8.1. Classroom Walkthrough Observations

A continuum of teaching and learning, against which the classroom walkthrough observations are compared and assigned, is co-constructed by observers in the school prior to their undertaking the walkthroughs. This continuum has three broad themes to do with the learning experiences of students. It includes students experiencing: very basic learning support (1 on the continuum); learning where cultural relationships for responsive pedagogy are still needing to develop (2 and 3 on the continuum); and learning where cultural relationships for responsive pedagogy are being fully integrated (4 and 5). Descriptors of these understandings allow observers to moderate the observations they collect from classroom walk-throughs more effectively. The shared theorizing within the conversations to build the continuum holds important learnings for those who have created it. The more carefully the continuum is developed and understood, the easier it is for observers to make sense of all of the evidence sources and critically reflect on their implications for the reform.

Given the time-sampling technique, used by this walkthrough observation, they are used to observe 20 minutes per classroom in total, it was never designed to be owned by or fed back to individual teachers. However, what makes this technique effective is the cumulative evidence across all of the walkthroughs that is able to be triangulated with the survey evidence and used to either affirm or deny what the survey evidence shows.

In these schools, the overall classroom walkthrough evidence at baseline showed that in the majority of classrooms, cultural relationships for responsive pedagogy still needed to be developed. This had improved in the final sample. However, in line with what families and Māori students were saying, it still needed further improvement. Importantly, turning it from an exercise in sampling a range of classroom praxis across the school into one for collective learning and growth means that the continuum must, in some form, be shared with teachers across the school. We have learned that by teachers actively contributing to the co-construction of the continuum of teaching and learning they are more likely to support the wider purpose of theory-based reform.

8.2. Surveys

Overall, Figures 1-4 showed that both Māori and non-Māori students experienced positive relationships more frequently than positive pedagogy. Interestingly, perception evidence from their teachers revealed no such difference. We found that teachers had a tendency to refer to the efforts of their school when discussing relational and responsive pedagogy:

Māori student achievement is a main priority at the College. Teachers and students are dedicated to ensuring Māori students can achieve through learning they find engaging and relevant.

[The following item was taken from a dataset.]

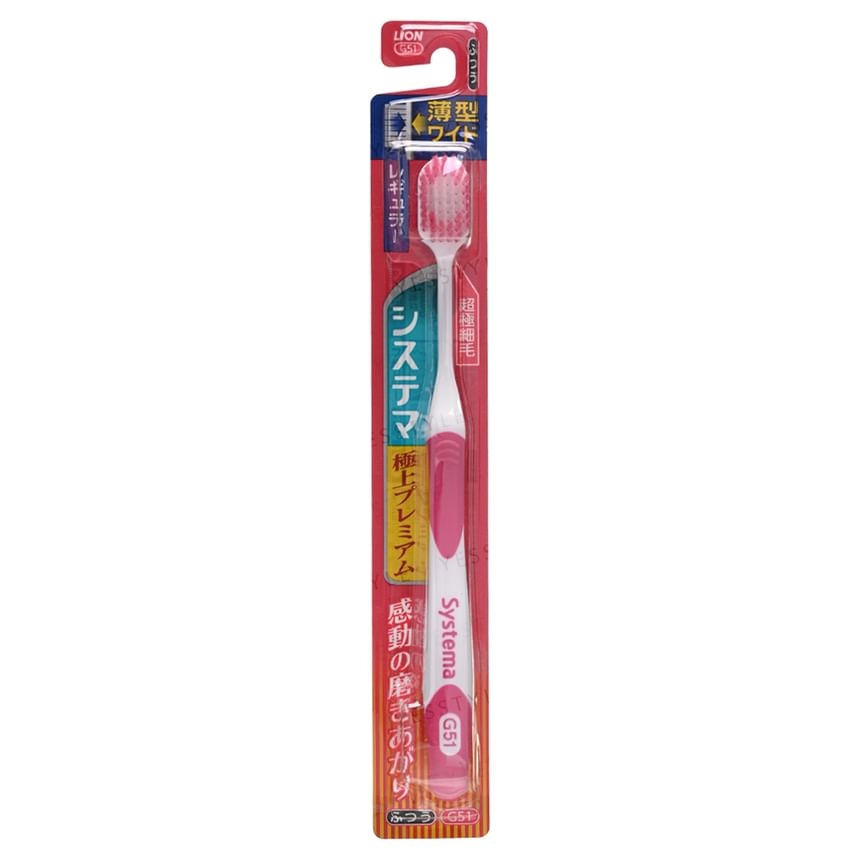 LION - Systema Super Premium tandenborstel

The school is making a sustained effort on many fronts to support and encourage Māori students to achieve to their potential.

Teachers also associated Māori learners feeling secure in their cultural identity with systems linked to opportunities to engage with tikanga (Māori cultural practices) in the school:

Māori students are well-represented in this school and find strong Māori tikanga in school life, including pōwhiri [formal Māori rituals of encounter]and ongoing use of Māori language and concepts in school values.

Unlike their Māori students, teachers believed, it was these specific Māori cultural events that would show Māori students that they were valued:

Māori students know we value them. This is increasing the more effort we put into celebrating Māori, e.g. more waiata [song], more larger scale pōwhiri [rituals of encounter] the upcoming celebration of Taraika [a local cultural setting].

Teachers also believed that Māori students were proud to be Māori.

They [Māori students] are generally very proud to be Māori and a large group is active in learning tereo and kapa haka [cultural performance].

Clearly, within the voices of teachers were stereotypes about Māori that surrounded the exotic brown cultural frills provided by the school. This was seen as often unrelated to the curriculum and pedagogy they were providing. This thinking has emerged from a colonial education system that has systematically redefined and pathologized what it means to be Māori. One teacher, blind to the experiences of Māori students in terms of their language, culture and identity being deliberately erased through historical, colonial educational policies of assimilation justified it as:

A lot of Māori students at this school are disconnected from their roots and therefore, their values are not Māori-based but a mix of Modern European/gang/low socio economic/and disconnected cultural values.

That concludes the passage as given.